We all know what garlic is best for – safeguarding us against those pesky vampires.
(Well, garlic lovers, you've never been bothered by one, have you?)
It isn't clear why garlic is called the stinking rose. It isn't a member of the rose family but of the lily family along with onions and leeks. Its scientific name is allium sativum liliacae. That's the rose part. The stinking part? Well, that comes from the sulfur compounds that contribute to the taste and smell of garlic.
While most people eat just the bulb, other parts of the plant are edible, such as the leaves and flowers on the garlic head, which are milder. The immature flower stalks of the elephant type of garlic – called the scape – are also edible. Scapes are a popular early season vegetable at La Vista, the community supported garden I belong to.
The bulbs – or heads – are divided into numerous sections called cloves and are covered with a papery skin. Raw garlic is pungent and not everyone can handle eating it but cook it up and garlic’s strong flavor mellows.
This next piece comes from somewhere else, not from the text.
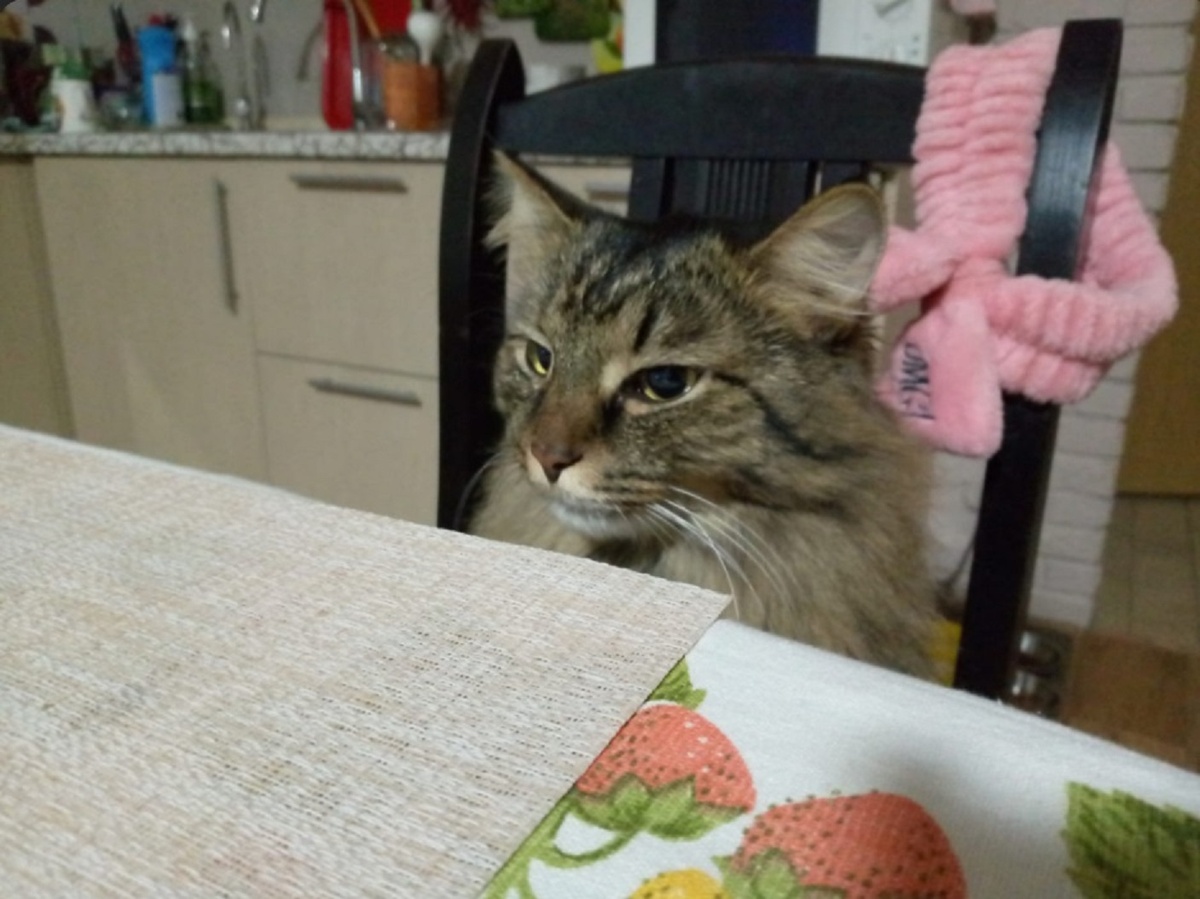 Фото от Алексея.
When buying garlic, look for firm heads. It doesn’t matter if they are large or small (a head has about 10-15 cloves), just be sure there isn’t any black powdery-looking patches under the skin. That is a type of mold so pass it up and be sure to store the rest of your garlic in a dry cool place. As garlic ages, it produces a green sprout; just cut it out before you use the garlic because these can be bitter tasting.
You can buy garlic already chopped that is sold in jars but I prefer fresh. One thing to remember when chopping garlic – the more finely it’s chopped, the more pungent it will be. But again, cooking it will mellow the flavor.
Do you like garlic?
Roasted Garlic Soup
When I was in Atlanta several years ago on business, the company took us to dinner where I had my first taste of roasted garlic soup.
I wasn't able to find the exact recipe I wanted but this is a modified recipe from the February 1999 issue of Bon Appétit that was posted on epicurious.com. My husband isn’t particularly fond of garlic (must be the Scottish in him!) but he and our sons loved this roasted garlic soup. I hope you enjoy it as well.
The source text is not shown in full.